Das Thema „Mentale Gesundheit“ ist in vielen afrikanischen Communities ein Tabu-Thema. Unsere Autorin Petra nahm vor drei Monaten das erste Mal eine psychotherapeutische Beratung in Anspruch, um sich beraten zu lassen. Hier verrät sie, warum es für sie unerlässlich ist, dass wir in allen Schwarzen Communities Diskussionen um mentale Gesundheit führen.

Heute komme ich nicht aus dem Bett. Meine Beine fühlen sich wie schwere Steine an, die seit vielen Jahren am Boden festkleben. In meinem Kopf wird ein schreckliches Orchesterstück aufgeführt. Meine Gedanken spielen verrückt. Die Sicht meiner Augen ist vernebelt. Da ist er also wieder: Dieser depressive Tag. An diesem Tag fühlen sich leichte Alltagsaufgaben an, als müsste ich den größten Berg der Welt erklimmen: Das Aufstehen morgens aus dem Bett, das Zurechtmachen für den Tag, das Wäsche aufhängen und das Einkaufen.

Ich bin immer wieder erstaunt, wie meine Gefühle und Gedanken die Seele so sehr einnehmen können, dass sie mein gesamtes Wesen blockieren.
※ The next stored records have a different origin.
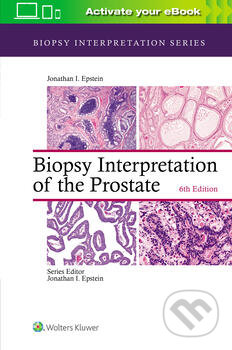 Biopsy Interpretation of the Prostate - Jonathan I. Epstein, Lippincott Williams & Wilkins, 2019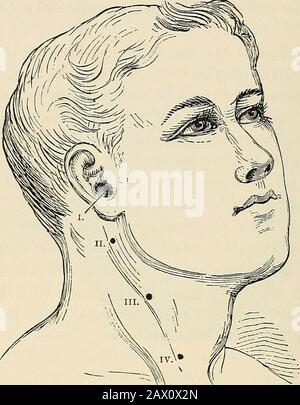 La pathologie et le traitement chirurgical des tumeurs . 6L4 PATHOLOGIE ET TRAITEMENT DES TUMEURS. Fig. 443.—diagramme indiquant les orifices des fistules branchiales persistantes (après Sutton). Le premier point de départ des kystes branchiaux doit nécessairement répondre à la cor avec l'emplacement de l'un de ces clefts branchiaux, et cHnicalobservation a démontré que les branchialcystes sont le plus fréquemment trouvés dans la région des deuxième et troisième clefts, dans la vicinitydu larynx et du pharynx, et dans l'intimidation avec la gaine des grandes vessesdu cou, en contradiction avec les dermoidkystes sur le Banque D'Images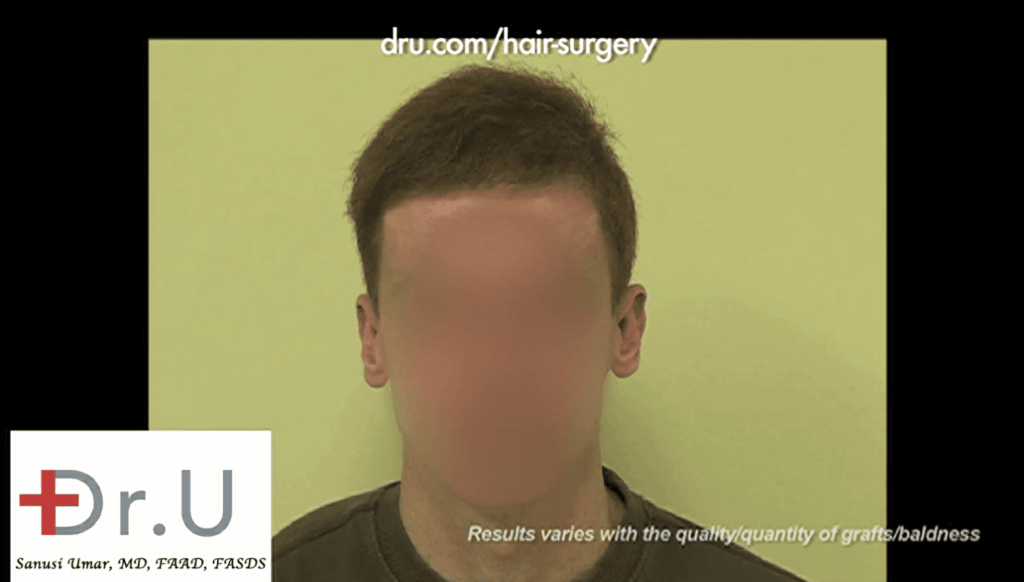Dr. Umar was indeed the best hair restoration repair doctor who succeeded in restoring an average-looking coverage *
Hier sitze ich nun und beobachte jeden einzelnen meiner störenden Gedanken ganz genau: Warum kriege ich mein Leben nicht auf die Reihe? Wie schaffe ich es weniger zu zweifeln? Mir fehlt innerer Frieden, ich will wieder lernen, glücklich zu sein. Weshalb spüre ich diese Zweifel und Traurigkeit so intensiv? Gleichzeitig frage ich mich: Woher kommen diese Gedanken? Was wollen sie? Was mache ich mit ihnen? Was machen sie mit mir?

Ja, dieser Tag kommt mich in den letzten Wochen oft besuchen – meistens sehr überraschend. Unangekündigt klopft er an der Tür. Ich lasse ihn herein.
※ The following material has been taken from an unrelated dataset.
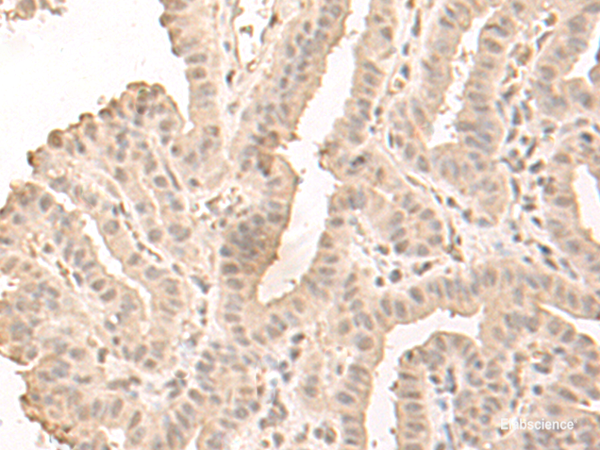 Immunohistochemistry of paraffin-embedded Human thyroid cancer tissue  using SAP130 Polyclonal Antibody at dilution of 1:50(×200)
Der Blick hinter die Fassade

Den ersten dieser depressiven Tage hatte ich vor sechs Monaten. Gelegentlich Stimmungsschwankungen und ein Gefühl von Antriebslosigkeit erlebte ich schon davor oft. Doch diesmal war es anders: Es fühlte sich an, als wäre mein Inneres voller gedanklicher Tabs, zu denen mir die Kraft fehlte, sie zu schließen. Das war mehr als Trauer, Erschöpfung oder Niedergeschlagenheit.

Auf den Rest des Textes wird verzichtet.